**Data to process:**

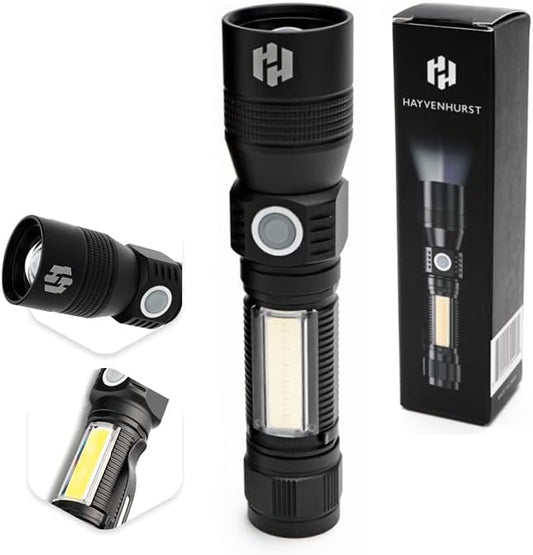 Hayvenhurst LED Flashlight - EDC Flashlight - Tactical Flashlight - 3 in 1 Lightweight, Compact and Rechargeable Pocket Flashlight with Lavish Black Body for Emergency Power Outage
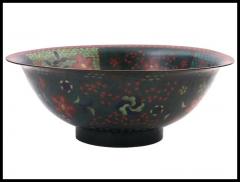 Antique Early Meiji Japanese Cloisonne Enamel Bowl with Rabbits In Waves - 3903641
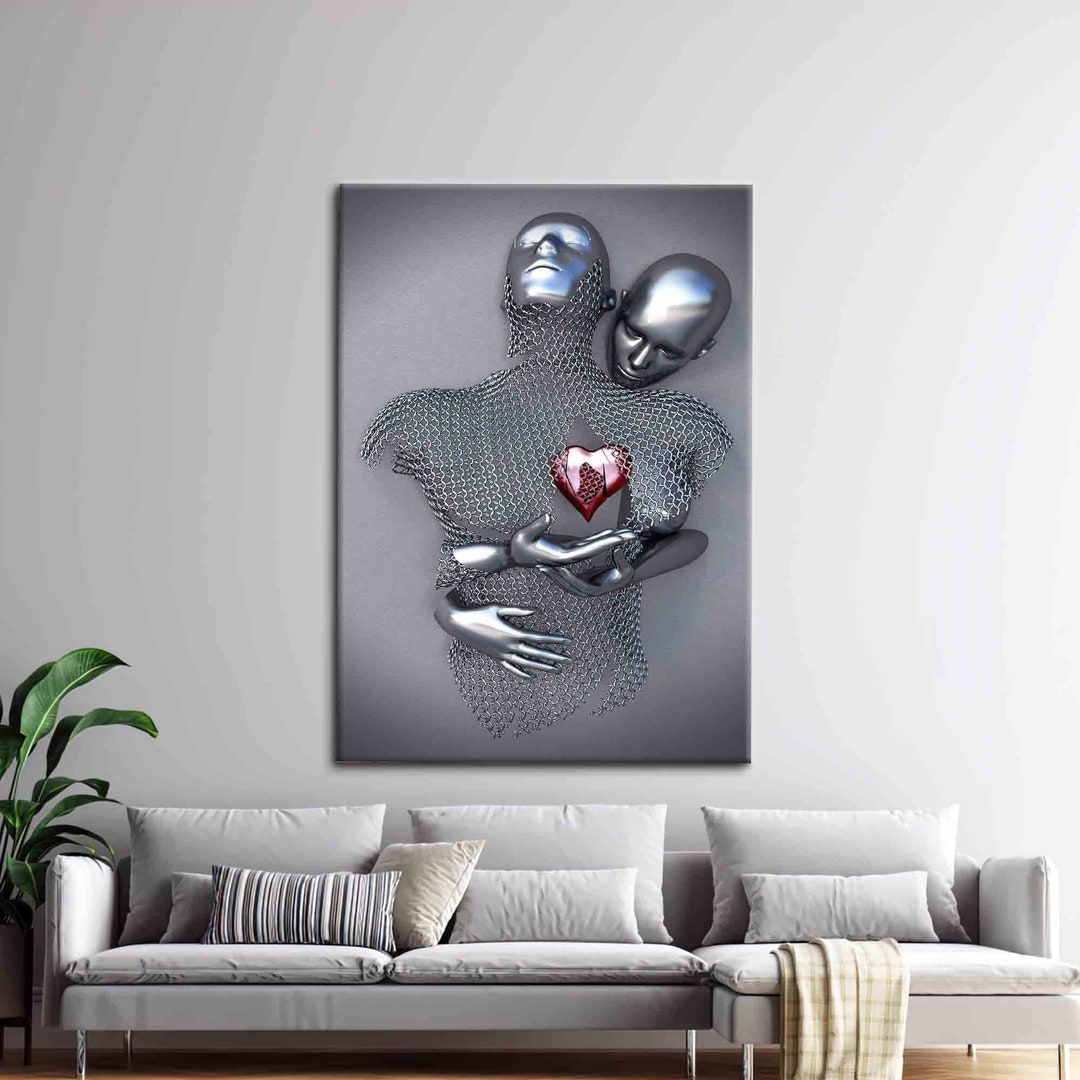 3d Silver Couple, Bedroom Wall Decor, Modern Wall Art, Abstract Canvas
---
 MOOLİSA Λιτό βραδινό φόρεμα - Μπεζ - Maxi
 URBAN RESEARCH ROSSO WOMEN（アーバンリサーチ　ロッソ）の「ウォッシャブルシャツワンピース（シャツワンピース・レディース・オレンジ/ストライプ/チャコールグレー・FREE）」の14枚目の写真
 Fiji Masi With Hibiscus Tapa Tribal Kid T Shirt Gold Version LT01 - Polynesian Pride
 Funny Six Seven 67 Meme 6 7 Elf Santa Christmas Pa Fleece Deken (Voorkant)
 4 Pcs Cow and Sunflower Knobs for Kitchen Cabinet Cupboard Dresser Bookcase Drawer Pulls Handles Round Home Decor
==
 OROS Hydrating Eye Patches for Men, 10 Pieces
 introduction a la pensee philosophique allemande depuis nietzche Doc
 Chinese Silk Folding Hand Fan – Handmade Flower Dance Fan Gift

**Required action:** What are the lines, exactly as written above, from the line with "Funny Six Seven" to the line with "4 Pcs Cow and", both included? Output only those.

**Output below:**
 Funny Six Seven 67 Meme 6 7 Elf Santa Christmas Pa Fleece Deken (Voorkant)
 4 Pcs Cow and Sunflower Knobs for Kitchen Cabinet Cupboard Dresser Bookcase Drawer Pulls Handles Round Home Decor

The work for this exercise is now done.